On your first paragraph, I question if it's true that atheists view their religious (non-)beliefs as less important to them than religious people take THEIR beliefs. I've talked to plenty of atheists who are quite adamant and vocal about their ideas. There have been many cases of atheists going to court to stop prayer at sporting events or to force people to remove crosses and other religious symbols from schools and government buildings. I'm hard-pressed to think of a case where a group of Christians went to court to prevent someone from mentioning atheism at a sporting event or in a school. For someone to hire lawyers and put together a lawsuit, they must think the issue is pretty important. And please don't explain to me why you think they're right. That isn't the question. The question is whether they think the issue is important.
TeaDrinker Oct 24, 2015
Guest: "you are a believer too!" The only way in which I'd bring that up is to say, The same rules that apply to us should apply to you. If it's illegal for a public school to say "homosexuality is a sin because the Bible says so", then it should be equally illegal for a public school to say "homosexuality is a perfectly valid alternative lifestyle and what the Bible says about it is irrelevant and out-dated". If we cannot have a cross respectfully displayed at a war memorial -- dailycaller.com/2014/09/02/zealous-atheists-demand-removal-of-cross-from-war-veterans-memorial/ and many other examples -- then the government should not sponsor "art" that displays a cross disrespectfully -- en.wikipedia.org/wiki/Piss_Christ.
Guest Oct 27, 2015
Although I am the first to admit the convenience in lumping your opponents together into some uniform collective organization, the fact of the matter is that atheists are a very diverse, large group of people. Therefore it makes little sense to claim "atheists bring up this curious argument" when it's unlikely that the average atheist or a non-religious person is unlikely to start a discussion about something as inane as this (why would they?) or care much about it at all. But if we are going to accept anecdotes as evidence, for my part I can say that I have never seen an atheist feel the need to categorize their non-beliefs unless prompted to do so by the likes of yourself. Therefore, this whole point is really starting to smell like a straw man argument.
As for your third paragraph, your comparison here is bizarre. Clearly atheists are not going to court for Christianity being "mentioned" at sporting events or in schools. Let's do the analogy correct this time and suppose sporting events had an "atheist prayer" or a "moment of unbelief" (whatever that means). Also, instead of Christian symbols being placed in secular government buildings, we would now have atheist symbolism placed prominently (if that seems far-fetched to you, just imagine Muslim symbolism instead). I think it's safe to say that there would be a massive Christian outcry on such as scale that the current Christian persecution complex would look like absolutely nothing.

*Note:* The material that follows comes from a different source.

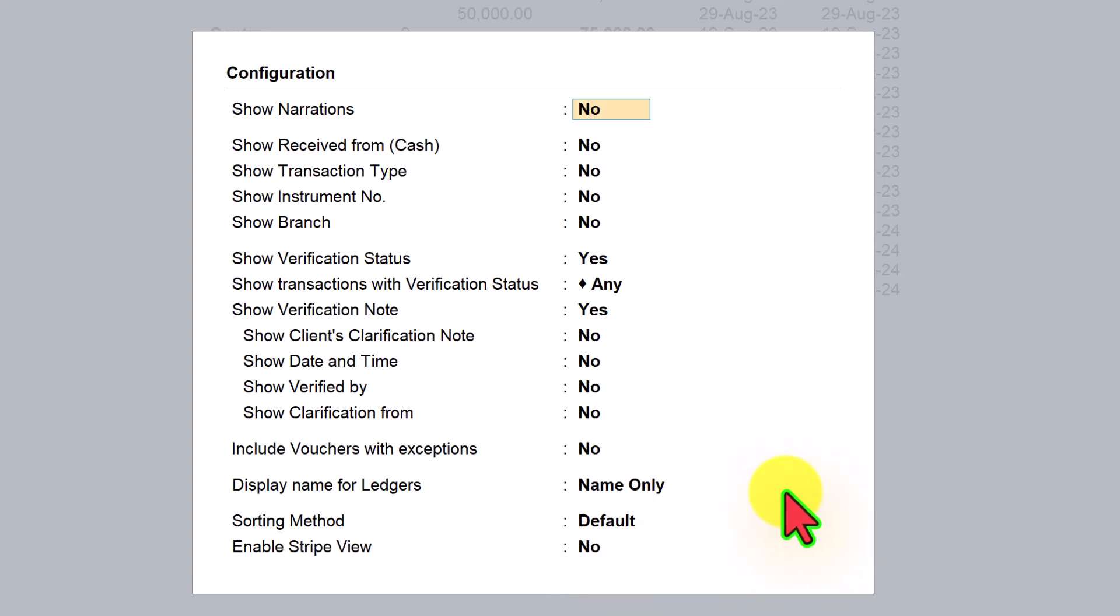I hope this report, especially for the auditors, will give a fair idea of the number of times the amount is being transferred from one bank account to another bank account, and this would basically help you to analyze further for the reason for these transfers. Thank you all once again for staying till the end. See you all in the next session.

Homosexuality is a perfectly valid alternative lifestyle and it is perfectly fine to say so anywhere irrespective of whether there exists some people who disagree on basis of their religion. Just like the government considers psychiatry to be a helpful medical specialty even though there exist some religions that disagree (i.e. Scientology). And just like shops are allowed to operate on Saturdays before sunset even though some religions forbid it. And so on and so on. This is because the USA is a secular state, so schools run by the government do not shy away from facts because their contended by some religious groups. What secularism does mean though is that government schools are not allowed to indoctrinate religious beliefs to their students. I really don't think this is confusing.